世界経済フォーラム(WEF)は9日、2019年版の「世界競争力報告」を発表した。世界各国の経済競争力を比較したランキングで、中国は昨年度と同じ28位だった。市場規模、イノベーション、情報通信技術の項目で高い評価を付けた。
WEFは、世界金融危機の発生から10数年が経ったが、この間、各国は一連の景気刺激策を講じてきたものの、世界経済は依然として生産性が伸び悩んでいると指摘した。141カ国・地域を対象に競争力を分析したランキングで、シンガポールは84.8点をつけ初めて首位に立った。中国は昨年度と同順位を維持、新興5カ国(BRICs、ブラジル、ロシア、インド、中国、南アフリカ)の中では最高位だった。
世界経済フォーラム(WEF)のエコノミスト、ティエリー・ガイガー氏は、中国が28位につけたことについて、点数も若干上げたとして高く評価。先進国並みに上げた項目もあり、中でもイノベーションの発展が非常に速かったと述べた。

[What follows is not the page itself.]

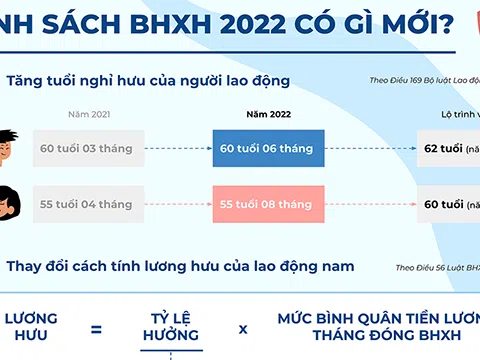 [infographic] Chính sách bảo hiểm xã hội năm 2022: Những điểm mới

WEFは一方で、地政学的リスクや貿易摩擦激化への警戒感の高まりにより、世界経済の先行き不透明感が強まるなか、景気後退に陥る可能性があるとの見方を示した。政策立案者は全体を俯瞰して政策を策定し、質の高い発展に関心を持つべきだと指摘。短期的要因と四半期業績、選挙サイクルとの関係をより均衡化すべきだと提言した。